↓

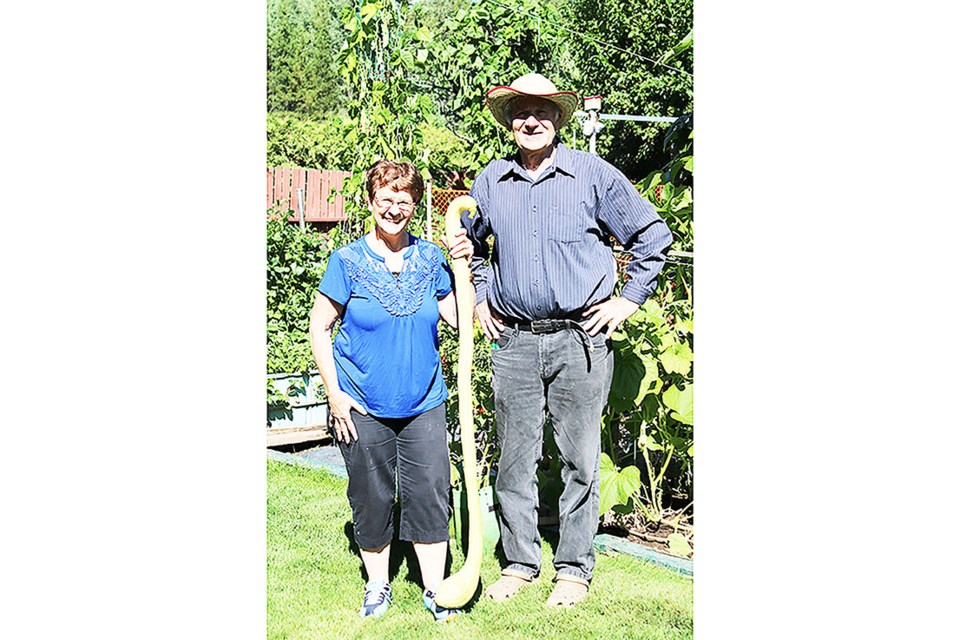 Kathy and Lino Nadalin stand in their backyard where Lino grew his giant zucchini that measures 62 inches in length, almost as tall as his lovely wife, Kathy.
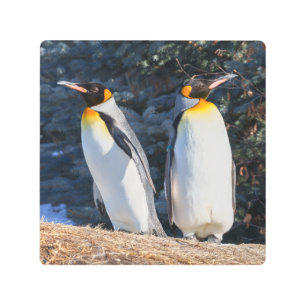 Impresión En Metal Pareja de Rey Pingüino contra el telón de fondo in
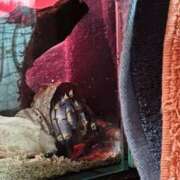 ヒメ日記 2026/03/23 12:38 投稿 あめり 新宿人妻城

↑

* **PROBLEM TO WORK ON**
Pictures are to be omitted; otherwise, write out the data exactly as it appears.

* **SOLVED PROBLEM**
 Kathy and Lino Nadalin stand in their backyard where Lino grew his giant zucchini that measures 62 inches in length, almost as tall as his lovely wife, Kathy.
 Impresión En Metal Pareja de Rey Pingüino contra el telón de fondo in
 ヒメ日記 2026/03/23 12:38 投稿 あめり 新宿人妻城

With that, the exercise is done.